Your output should be the lines of the data that follow, reproduced exactly from the first through the line bearing "To-delt Sæt med".
-- MATERIALS PROVIDED follows --
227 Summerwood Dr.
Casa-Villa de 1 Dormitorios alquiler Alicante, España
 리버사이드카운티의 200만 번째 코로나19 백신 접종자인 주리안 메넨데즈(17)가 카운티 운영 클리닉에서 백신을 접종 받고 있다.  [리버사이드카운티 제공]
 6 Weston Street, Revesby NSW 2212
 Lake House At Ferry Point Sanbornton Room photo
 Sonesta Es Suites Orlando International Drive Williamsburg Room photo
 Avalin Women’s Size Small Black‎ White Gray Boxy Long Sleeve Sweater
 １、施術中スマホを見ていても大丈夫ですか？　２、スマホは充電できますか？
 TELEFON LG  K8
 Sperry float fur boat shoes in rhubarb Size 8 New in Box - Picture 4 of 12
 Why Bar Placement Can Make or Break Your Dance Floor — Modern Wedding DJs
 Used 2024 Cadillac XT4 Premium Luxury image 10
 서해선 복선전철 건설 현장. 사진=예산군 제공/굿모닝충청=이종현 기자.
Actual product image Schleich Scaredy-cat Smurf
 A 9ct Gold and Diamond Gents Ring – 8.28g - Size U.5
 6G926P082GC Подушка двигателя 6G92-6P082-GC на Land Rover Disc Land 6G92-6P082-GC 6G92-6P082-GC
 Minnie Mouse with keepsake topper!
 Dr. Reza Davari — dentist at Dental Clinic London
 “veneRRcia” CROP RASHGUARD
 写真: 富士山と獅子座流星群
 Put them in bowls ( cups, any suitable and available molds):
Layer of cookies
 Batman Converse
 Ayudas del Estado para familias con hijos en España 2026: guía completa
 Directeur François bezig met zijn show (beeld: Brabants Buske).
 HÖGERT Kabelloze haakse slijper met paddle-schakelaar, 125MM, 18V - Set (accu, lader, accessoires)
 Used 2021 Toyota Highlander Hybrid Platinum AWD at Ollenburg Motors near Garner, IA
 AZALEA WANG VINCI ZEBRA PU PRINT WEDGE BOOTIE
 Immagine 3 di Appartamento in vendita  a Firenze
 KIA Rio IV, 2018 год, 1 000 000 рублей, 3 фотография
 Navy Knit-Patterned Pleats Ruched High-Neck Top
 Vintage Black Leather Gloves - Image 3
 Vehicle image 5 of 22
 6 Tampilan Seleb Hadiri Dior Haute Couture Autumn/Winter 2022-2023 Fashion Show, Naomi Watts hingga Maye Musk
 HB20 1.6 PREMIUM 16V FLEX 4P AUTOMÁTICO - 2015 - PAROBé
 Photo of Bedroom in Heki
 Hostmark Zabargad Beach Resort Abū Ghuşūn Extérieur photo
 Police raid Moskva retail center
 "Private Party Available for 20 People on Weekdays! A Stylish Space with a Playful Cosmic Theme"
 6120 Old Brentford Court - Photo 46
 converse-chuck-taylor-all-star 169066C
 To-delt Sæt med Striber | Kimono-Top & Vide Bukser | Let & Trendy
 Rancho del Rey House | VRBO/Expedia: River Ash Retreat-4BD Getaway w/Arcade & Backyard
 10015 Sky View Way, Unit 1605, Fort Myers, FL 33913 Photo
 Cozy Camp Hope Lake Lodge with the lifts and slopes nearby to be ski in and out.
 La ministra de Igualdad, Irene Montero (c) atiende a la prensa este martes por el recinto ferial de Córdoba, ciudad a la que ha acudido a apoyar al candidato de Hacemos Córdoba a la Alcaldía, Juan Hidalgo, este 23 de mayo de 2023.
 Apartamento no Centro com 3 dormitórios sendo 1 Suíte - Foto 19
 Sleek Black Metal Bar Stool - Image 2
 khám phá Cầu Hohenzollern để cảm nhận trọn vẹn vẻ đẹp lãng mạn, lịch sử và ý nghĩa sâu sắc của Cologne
-- MATERIALS PROVIDED concluded --
● RESPONSE FOR THIS EXERCISE:
227 Summerwood Dr.
Casa-Villa de 1 Dormitorios alquiler Alicante, España
 리버사이드카운티의 200만 번째 코로나19 백신 접종자인 주리안 메넨데즈(17)가 카운티 운영 클리닉에서 백신을 접종 받고 있다.  [리버사이드카운티 제공]
 6 Weston Street, Revesby NSW 2212
 Lake House At Ferry Point Sanbornton Room photo
 Sonesta Es Suites Orlando International Drive Williamsburg Room photo
 Avalin Women’s Size Small Black‎ White Gray Boxy Long Sleeve Sweater
 １、施術中スマホを見ていても大丈夫ですか？　２、スマホは充電できますか？
 TELEFON LG  K8
 Sperry float fur boat shoes in rhubarb Size 8 New in Box - Picture 4 of 12
 Why Bar Placement Can Make or Break Your Dance Floor — Modern Wedding DJs
 Used 2024 Cadillac XT4 Premium Luxury image 10
 서해선 복선전철 건설 현장. 사진=예산군 제공/굿모닝충청=이종현 기자.
Actual product image Schleich Scaredy-cat Smurf
 A 9ct Gold and Diamond Gents Ring – 8.28g - Size U.5
 6G926P082GC Подушка двигателя 6G92-6P082-GC на Land Rover Disc Land 6G92-6P082-GC 6G92-6P082-GC
 Minnie Mouse with keepsake topper!
 Dr. Reza Davari — dentist at Dental Clinic London
 “veneRRcia” CROP RASHGUARD
 写真: 富士山と獅子座流星群
 Put them in bowls ( cups, any suitable and available molds):
Layer of cookies
 Batman Converse
 Ayudas del Estado para familias con hijos en España 2026: guía completa
 Directeur François bezig met zijn show (beeld: Brabants Buske).
 HÖGERT Kabelloze haakse slijper met paddle-schakelaar, 125MM, 18V - Set (accu, lader, accessoires)
 Used 2021 Toyota Highlander Hybrid Platinum AWD at Ollenburg Motors near Garner, IA
 AZALEA WANG VINCI ZEBRA PU PRINT WEDGE BOOTIE
 Immagine 3 di Appartamento in vendita  a Firenze
 KIA Rio IV, 2018 год, 1 000 000 рублей, 3 фотография
 Navy Knit-Patterned Pleats Ruched High-Neck Top
 Vintage Black Leather Gloves - Image 3
 Vehicle image 5 of 22
 6 Tampilan Seleb Hadiri Dior Haute Couture Autumn/Winter 2022-2023 Fashion Show, Naomi Watts hingga Maye Musk
 HB20 1.6 PREMIUM 16V FLEX 4P AUTOMÁTICO - 2015 - PAROBé
 Photo of Bedroom in Heki
 Hostmark Zabargad Beach Resort Abū Ghuşūn Extérieur photo
 Police raid Moskva retail center
 "Private Party Available for 20 People on Weekdays! A Stylish Space with a Playful Cosmic Theme"
 6120 Old Brentford Court - Photo 46
 converse-chuck-taylor-all-star 169066C
 To-delt Sæt med Striber | Kimono-Top & Vide Bukser | Let & Trendy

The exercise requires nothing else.